Motion changes all the time as the result of force. You may know the basics of force, but sometimes it takes an expert to really know what's going on in a measurable way. In other words, sometimes it takes a physicist like you.

Absorbing the energy around you

You don't have to look far to find your next piece of physics. As you exit your house, for example, you may hear a crash up the street. Two cars have collided at a high speed, and, locked together, they're sliding your way.

Thanks to physics, you can make the necessary measurements and predictions to know exactly how far you have to move to get out of the way. You know that it's going to take a lot to stop the cars. But a lot of what?

It helps to have the ideas of energy and momentum mastered at such a time. You use these ideas to describe the motion of objects with mass. The energy of motion is called kinetic energy, and when you accelerate a car from 0 to 60 miles per hour in 10 seconds, the car ends up with plenty of kinetic energy.

Where does the kinetic energy come from? Not from nowhere — if it did, you wouldn't have to worry about the price of gas. Using gas, the engine does work on the car to get it up to speed.

Or say, for example, that you don't have the luxury of an engine when you're moving a piano up the stairs of your new place. But there's always time for a little physics, so you whip out your calculator to calculate how much work you have to do to carry it up the six floors to your new apartment.

After you move up the stairs, your piano will have what's called potential energy, simply because you put in a lot of work against gravity to get the piano up those six floors.

Unfortunately, your roommate hates pianos and drops yours out the window. What happens next?
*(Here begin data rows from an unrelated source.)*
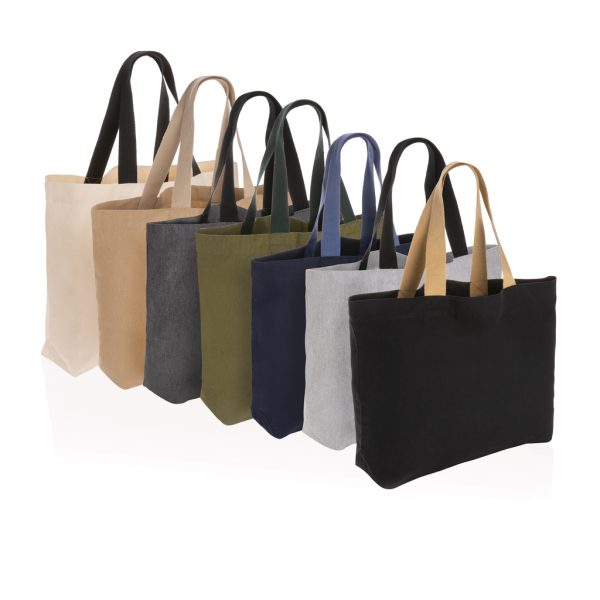 Impact Aware™ 240 gsm rcanvas large tote undyed P762.950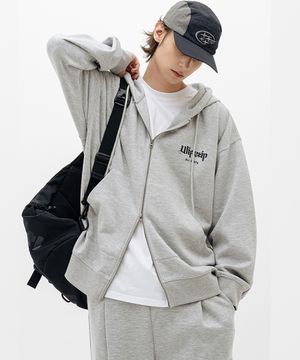 러닝다아이 2WAY 오버핏 후드집업 4 Color [ULZH_0003]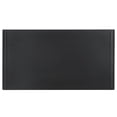 thumbnail image 6 of Safavieh Omara Glam 1 Shelf Ash Veneer Coffee Table, Black, 6 of 10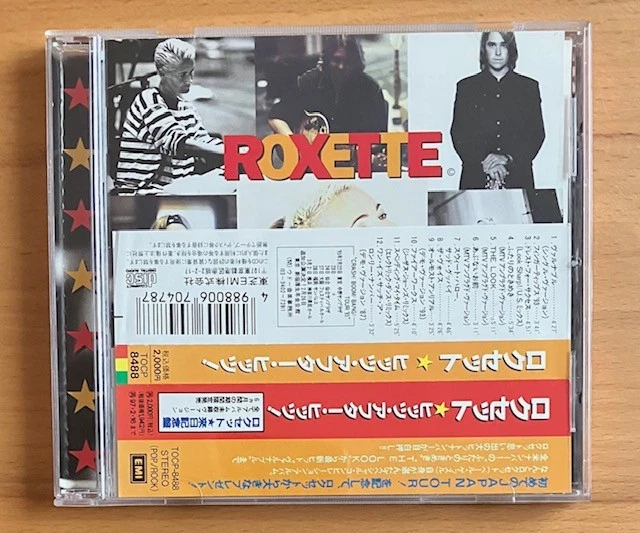 Roxette Rarities CD Compilation Made in Japan OBI 1995 rare tracks top condition - Bild 3 von 4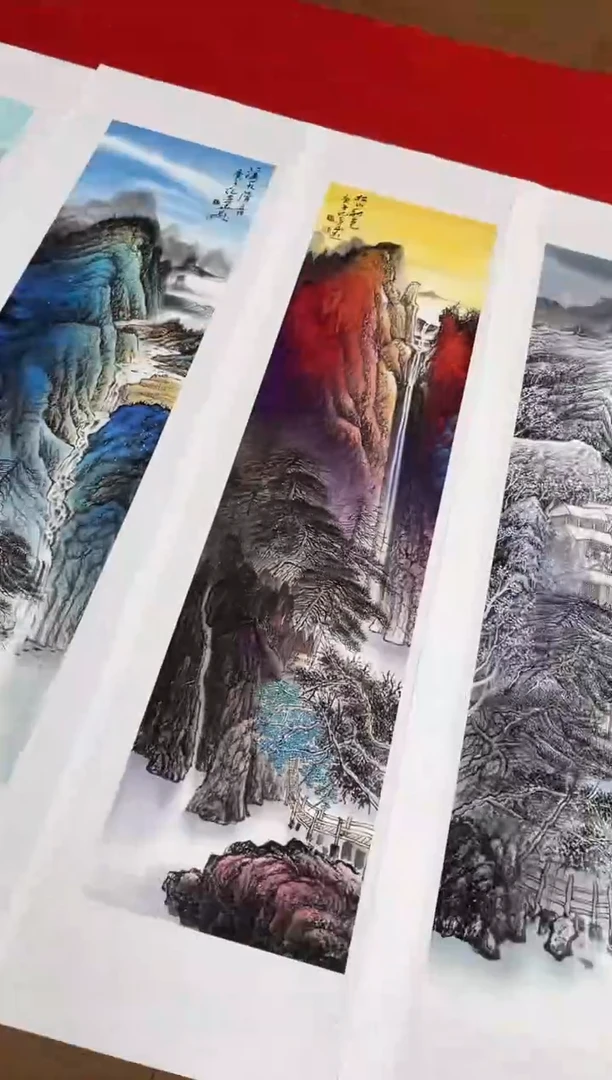 国画纪志华精品国画-68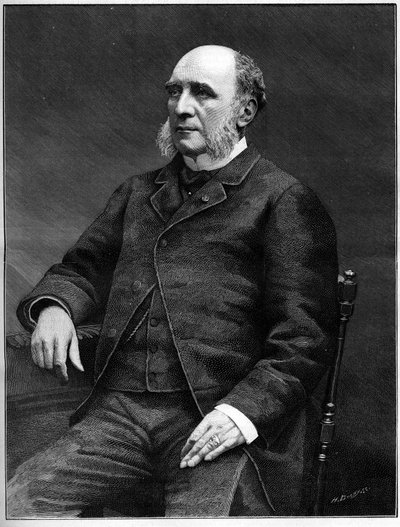 Duke Louis Charles Decazes (1819-1886), ranskalainen poliitikko, ulkoministeri 1873-1877. tekijältä Unknown artist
The potential energy of the piano due to its height in a gravitational field is converted into kinetic energy, the energy of motion. It's an interesting process to watch, and you decide to calculate the final speed of the piano as it hits the street.

Next, you calculate the bill for the piano, hand it to your roommate, and go back downstairs to get your drum set.

Feeling hot but not bothered

Heat and cold are parts of your everyday life, so, of course, physics is there with you in summer and winter. Ever take a look at the beads of condensation on a cold glass of water in a warm room? Water vapor in the air is being cooled when it touches the glass, and it condenses into liquid water. The water vapor passes thermal energy to the cold drink, which ends up getting warmer as a result.

Thermodynamics can tell you how much heat you're radiating away on a cold day, how many bags of ice you need to cool a lava pit, the temperature of the surface of the sun, and anything else that deals with heat energy.

You also discover that physics isn't limited to our planet. Why is space cold? It's empty, so how can it be cold? It isn't cold because you can measure its temperature as cold. In space, you radiate away heat, and very little heat radiates back to you. In a normal environment, you radiate heat to everything around you, and everything around you radiates heat back to you. But in space, your heat just radiates away, so you can freeze.

Radiating heat is just one of the three ways heat can be transferred. You can discover plenty more about the heat happening around you all the time, whether created by a heat source like the sun or by friction.

Playing with charges and magnets

After you master the visible world of objects hurtling around in motion, you can move on to the invisible world of work and energy.

You can see both electricity and magnetism at work, but you can't see them directly. However, when you combine electricity and magnetism, you produce pure light — the very essence of being visible.

A great deal of physics involves taking apart the invisible world that surrounds you. Matter itself is made up of particles that carry electric charges, and an incredible number of these charges exist in all people.

When you get concentrations of charges, you get static electricity and such attention-commanding phenomena as lightning. When those charges move, on the other hand, you get normal, wall-socket-brand electricity and magnetism.